Case Study

A brief explanation of the functionality of the GSCA web tool is provided below using a recent transcriptome analysis of HSCs and early multi-, bi- and unipotent progenitors (Ng. et. al., 2009) which reported 9 gene expression signatures ranging from those characteristic for the most immature HSCs to those affiliated with differentiation into the individual haematopoietic lineages. We interrogated these 9 experimentally obtained gene expression signatures using the GSCA web tool, thus providing an independent test case to examine the biological relevance of predicted combinatorial regulatory signatures in addition to testing the functionality of the web tool.
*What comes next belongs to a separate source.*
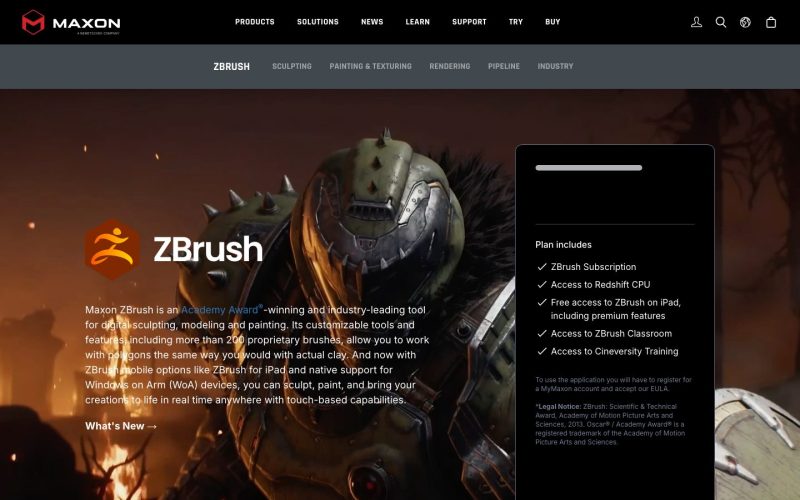 ZBrush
Users can paste a query gene list or upload it from a file (human or mouse). Upon choosing 'GSCA', a gene list of interest is interrogated against 78 ChIP-Seq datasets across 15 blood cell types. GSCA calculates the significance of overlap between each ChIP-Seq dataset and the gene set of interest and displays all ChIP-Seq datasets with those showing enrichment in cream colour. For example, the self renewing signature ('stem' signature from Ng et al (2009)) is provided as a test dataset for the users, and shows statistically significant overlap with multiple transcription factors in HPC7 and progenitors. When the same 'stem' signature gene list is analysed using C-GSCA, the overrepresented ChIP datasets are clustered into 2 distinct cell type specific clusters 'HPC7' and 'MK progenitors' (Figure below). 6 of the 7 transcription factors in the HPC7 cluster overlap with the heptad signature, a binding pattern we have previously shown is overrepresented in the loci of genes specifically expressed in HSPCs and therefore associated with gene sets specifically expressed in HSCs. Similarly, the gene signature associated with the third wave of the myeloid lineage program ('d-my' signatures) from Ng et al. (2009) shows statistically significant overlap with two combinatorial binding events, Cebpα, Cebpβ, Stat1, P65 and Pu.1 in macrophages and Myb in myeloid progenitors. In addition to showing the functionality of the web tool, these results suggest that combinatorial control signatures generated by C-GSCA have the potential to provide insights into combinatorial transcriptional control mechanisms.